Los científicos están estudiando si las terapias destinadas a modificar la microbiota podrían ayudar a prevenir o tratar esta enfermedad, concepto que algunos investigadores y empresas ya están probando en ensayos clínicos.
"Cada vez son más numerosas las pruebas que han implicado al eje cerebro-intestino como el origen de la enfermedad de Parkinson", asevera un artículo de la Facultad de Medicina Johns Hopkins.
¿Cuál es la causa del Parkinson?
El Parkinson es causado por la concentración de una proteína (α-sinucleína o alfa-sinucleína), en las neuronas del cerebro.
A medida que estas proteínas se van concentrando producen la muerte neuronal y dejan como secuela la pérdida de la sustancia negra y los agregados tóxicos llamados cuerpos de Lewy.
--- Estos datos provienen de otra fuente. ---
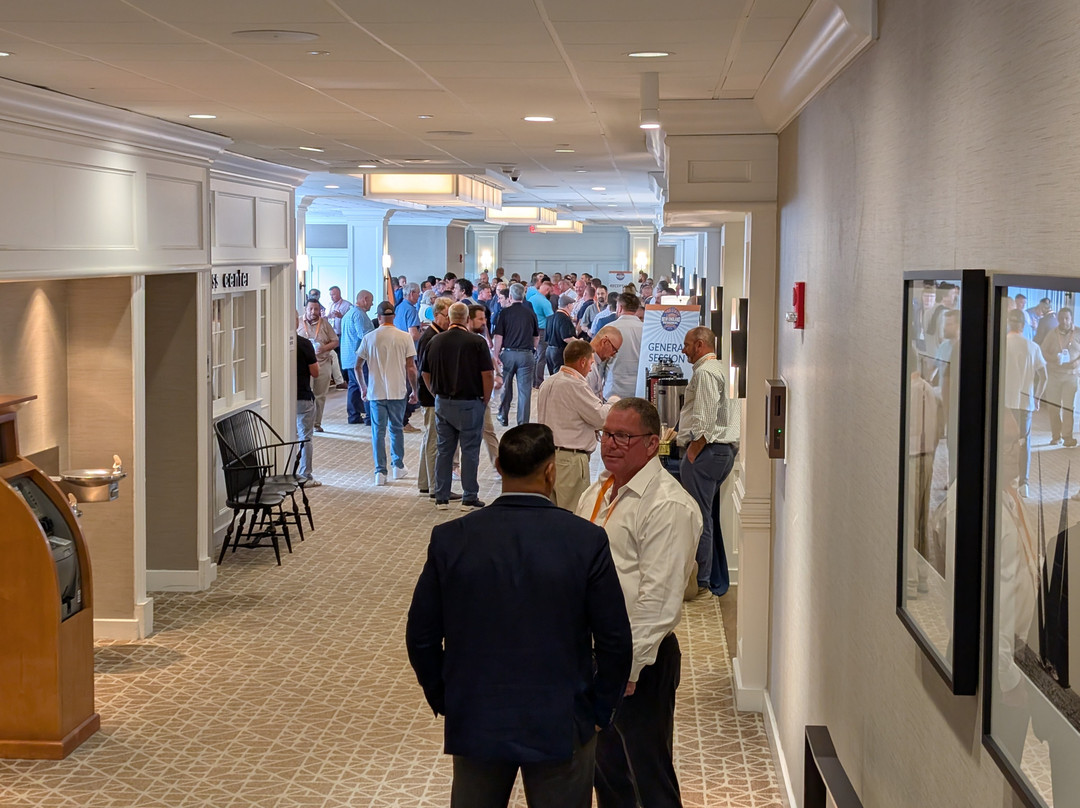 Newport Harbor Island Resort主图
Las causas no se comprenden completamente, aunque lo más probable es que se trate de una combinación compleja de factores genéticos y ambientales.
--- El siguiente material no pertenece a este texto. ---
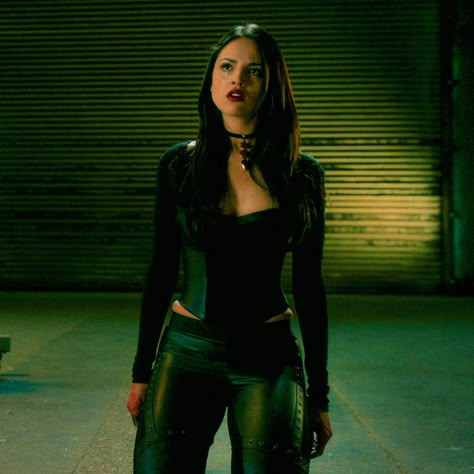 Santanico Pandemonium, From Dusk Till Dawn, Eiza Gonzalez, Badass Aesthetic, Dusk Till Dawn, Dark Outfits, Edgy Outfits, Shadowhunters, Character Outfits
Se han observado depósitos de cuerpos de Lewy en neuronas productoras de dopamina muertas y moribundas, pero se desconoce su papel preciso.
Actualmente, el trastorno no tiene cura, aunque sus síntomas pueden controlarse con medicamentos y fisioterapia.
Parkinson e intestino
En 1817, el cirujano inglés James Parkinson describió los primeros casos de la enfermedad. Un individuo había desarrollado entumecimiento y sensación de hormigueo en ambos brazos.
El médico notó que el abdomen del hombre parecía contener una “acumulación considerable”. Le dio un laxante y diez días después sus intestinos estaban vacíos y sus síntomas habían desaparecido. Posiblemente, Parkinson puso el foco en un aspecto clave.
Algunas personas que desarrollan la enfermedad experimentan estreñimiento mucho antes de desarrollar problemas de movilidad. De hecho, muchos investigadores han aceptado la idea de que la enfermedad comienza en el intestino, aunque la teoría aún no goza de consenso.
En 2015, el neurólogo Robert Friedland propuso una nueva hipótesis. Junto a sus colegas alimentaron a ratas con una cepa particular de Escherichia coli que produce una de las proteínas que se acumulan en el cerebro de una persona con Parkinson.
Vieron que el microbio se acumulaba en el intestino, así también como en el cerebro de los animales.
Todavía no está claro cómo esa señal en el intestino llega al cerebro, pero un conducto probable es el nervio vago: conecta el tronco encefálico con muchos órganos, incluido el colon, lo que lo convierte en el más largo de los doce nervios craneales que transportan señales entre el cerebro y el resto del cuerpo.
No obstante, el Parkinson es una enfermedad compleja que se presenta de manera diferente en diferentes personas.